Folio 103 [facieinversa.] (xxxv b).
John, lord of Locher', Brabant, and Lembourck, (fn. 16) to the bailiffs and Commonalty of the City of London, greeting and all that is good. We send to put you in remembrance, as to our friends, of a debt that you have long owed to Symon de le Rye, our special friend and host, and other burgesses of Gaunt, (fn. 17) as appears by your letters in his possession. We pray and require satisfaction of the same, &c. [No date].
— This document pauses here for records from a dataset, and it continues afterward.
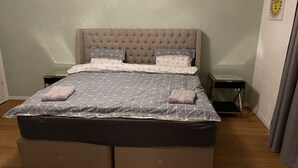 Ein Schlafzimmer mit einer gesteppten Kopfteil, einem Bett mit einem geometrisch gemusterten Bettbezug, zwei Nachttischen und einer kleinen Wanddekoration.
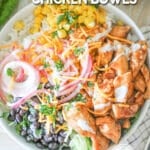 Top view of honey bbq chicken in a white bowl on a whitewashed wood background. The text reads, "Honey BBQ Chicken Bowl"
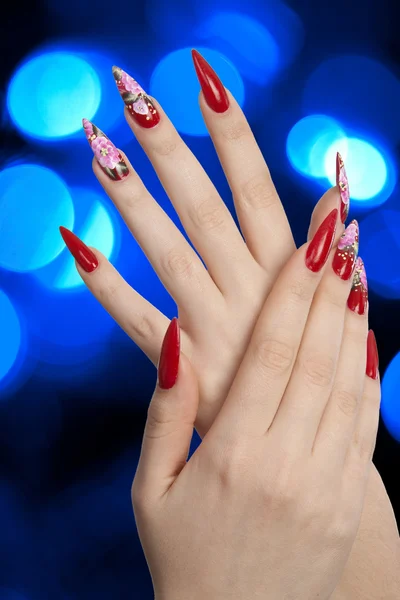 Beautiful red nails and blue lights — Stock Photo, Image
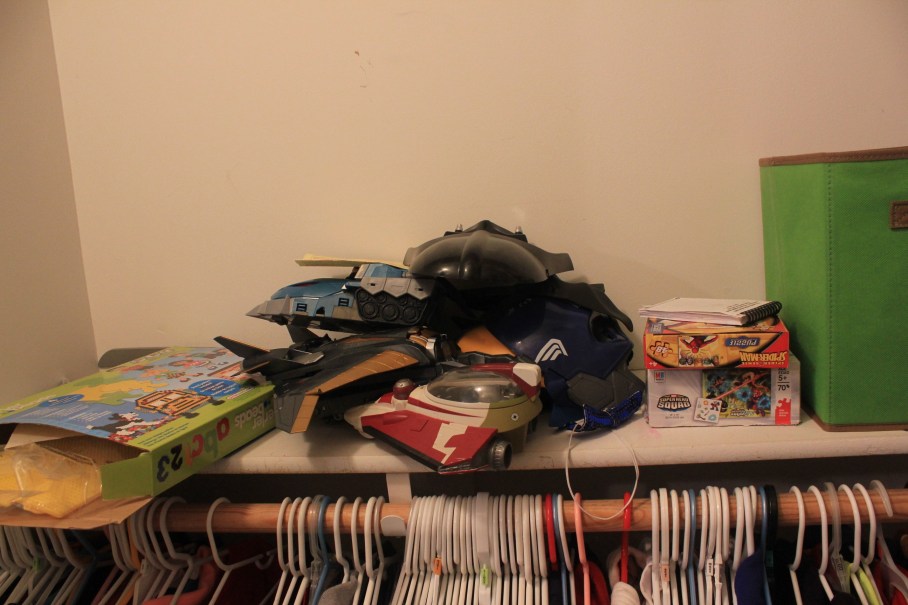 Little Boys and Their Toys - messy shelf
Recital and verification under seal, by Seiger de Brelo, Prior of the Order of Preaching Friars of Ghent, and Friar John called "de Hest," Warden of the Friars Minors of the same place, dated at Ghent, the fourth day after the octave of the Epiphany [6 Jan.], A.D. 1296[-7], of a deed whereby John Adrian and Luke de Batecor, Bailiffs of London, (fn. 18) and the whole com mune (communa) of the said City covenanted to pay to William de York and Baldwin Bec, merchants of Ghent, the sum of 730 marks, part of a sum of 1,030 marks advanced by the said merchants, jointly with John, son of Alexander, and Peter called "de Curia," to King Henry III., the money to be paid out of the fine due to the King for recovering his favour, (fn. 19) by such instalments and at such times as set out, under penalty of distress. Dated in the Husting of London, (fn. 20) xiv. Kal. October [16 Sept.], A.D. 1267.
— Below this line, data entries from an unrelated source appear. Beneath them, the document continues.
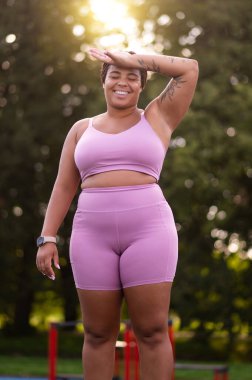 Antrenmandan sonra. Ayrıca pembe tişörtlü, kısa şortlu, spor yaptıktan sonra yorgun hisseden bir kadın.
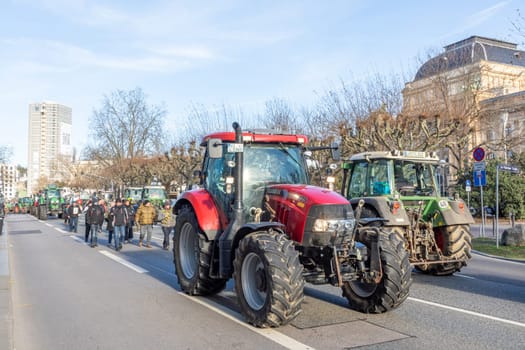 Wiesbaden, Germany - January 8, 2024: farmer with their tractors demonstrate for cutting down the price for diesel fuel and against the german government.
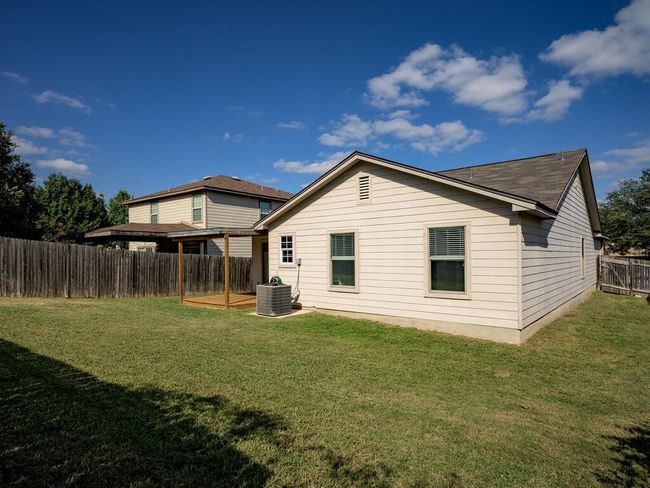 Rear view of house featuring a fenced backyard. | Image 27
Folio 101 b [facieinversa.] (xxxvij).
Tuesday before the Sunday on which Letare Jerusalem is sung, (fn. 21) anno 26 Edward I. [A.D. 1297-8], it was ordained, in the presence of Sir John Bretun, then Warden of the City of London; John de Storteford and William de Storteford, then Sheriffs; John de Banquell, Richard Eswy, Nicholas de Farndone, John de Dunstaple, William de Bettoyne, Walter de Finchingfeud, Thomas Romein, Adam de Rokele, Adam de Foleham, John le Blound, John de Canterbury, Geoffrey de Northone, and Henry le Bole, Aldermen; [and] by four or six of each ward as follows:—
that all and singular citizens and others residing in the City, and who gave to the lord the King the ninth penny of their goods, and all others recently come to live and stay in the City shall give to the collectors appointed for that collection of their goods, viz., of every pound six pence, up to a hundred pounds, to be given to the lord the King as of right (de debito) at his coming from the parts of Flanders for his war. (fn. 22)
Recognizances of Debts, anno 3 Edward II., temp. Richard Poterel, Chamberlain, continued.
Folio 109 b (xxix). [facieinversa.]
Monday after the Feast of St. Ambrose [4 April], 3 Edward II. [A.D. 1310], came John de Hanyfeld, taverner, before the Mayor and Chamberlain and acknowledged himself bound to Thomas "des Arches" in the sum of 5 marks; to be paid, viz., one moiety at Pentecost and the other in the quinzaine of the Nativity of St. John Bapt., and unless, &c.
The same day the aforesaid John came before the Chamberlain and acknowledged himself indebted to Bernard Johan, "de vico majori," and Peter de Bourdeaux, his merchant, of Gascony, in the sum of 100s.; to be paid, viz., one moiety at the Feast of the Ascension and the other at Midsummer, &c.
Thursday before Palm Sunday [12 April] came William Servat before the Mayor, Aldermen, and Chamberlain and acknowledged himself indebted to "Fresotto" de Monte Claro and "Totto" his brother and John de Monte Claro in the sum of £24; to be paid in the quinzaine of the Nativity of St. John Bapt., &c.
The following Saturday came John Jakke, tiler, before the Chamberlain and acknowledged himself indebted to William de Leyre, Alderman, in the sum of 9s.; to be paid within the quinzaine of Easter, &c.
The following Monday came William de Hereford, armourer, and acknowledged himself indebted to Jacobin "Coudirario" (fn. 23) (?), of Milan, in the sum of 52s.; to be paid in the quinzaine of the Nativity of St. John Bapt., &c.
The vigil of Easter [17 April] came Anabilla, relict of Geoffrey de Bek, before the Mayor and Chamberlain and acknowledged herself bound to John [de] Pinza Aquila de "Jenes," (fn. 24) citizen of London, and Francis Bachemo de "Jenes" in the sum of £22; to be paid within the octave of Pentecost, &c.
The same day the above Anabilla, in the name of her late husband, acknowledged herself indebted to the above John and Francis in the sum of £45 5s. 10d., which she promised to pay as soon as she recovered the debts due to her late husband, &c. And for so doing she bound herself fide media, &c.
The same day came John le "Tapicer" de Fletestrete before the Chamberlain and acknowledged himself bound to John de Boreford in the sum of £4 7s.; to be paid within eight days of the Nativity of St. John Bapt., &c.; and unless, &c.
(Thereupon the said J. de Boreford came on 28 April, anno 4 Edward II., and acknowledged he had received of the above John le "Tapiser" the sum of 53s. 4d. of the debt; and there were delivered to the same John le "Tapicer" four new bankers, (fn. 25) which had been taken upon [super] the said debtor for the aforesaid debt, and this with the assent of the creditor.)